Am Morgen begann Cortese ziemlich ruhig. "Es lag einfach an der Asphalttemperatur", begründet der Intact-Pilot. "Es war sehr lange nass und feucht. Speziell hier in Jerez dauert es lange, bis es trocken ist. Wir haben aber doch noch viele Runden drehen können und ich bin froh über den Verlauf des Tages. Wir hoffen, dass es trocken bleibt und wir wichtige Runden fahren können. Dann müssen wir uns für den letzten Test vorbereiten, weil wir ja noch einmal drei Tage hier sind. Dann geht es nach Doha."

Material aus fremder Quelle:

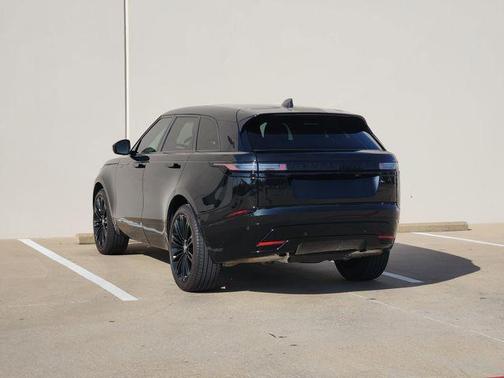 Santorini Black 2025 Land Rover Range Rover Velar P250 Dynamic SE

Durch die drei Tagen in Valencia und den ersten Jerez-Test, der morgen endet, wurde die Fitness der Piloten bereits auf eine harte Probe gestellt. "Man merkt es schon. Heute war ein sehr anstrengender Tag. Wir haben morgen noch einen sehr wichtigen Tag vor uns. Danach gibt es ja noch ein paar Tage, an denen man sich erholen und wieder Energie tanken kann für den letzten Test. Die Grundausdauer ist da. Doch hier werden Muskeln beansprucht, die man so nicht im Fitnessstudio trainieren kann", erklärt er. "Wenn man abends ein bisschen kaputt ist, weiß man, was man am Tag getan hat."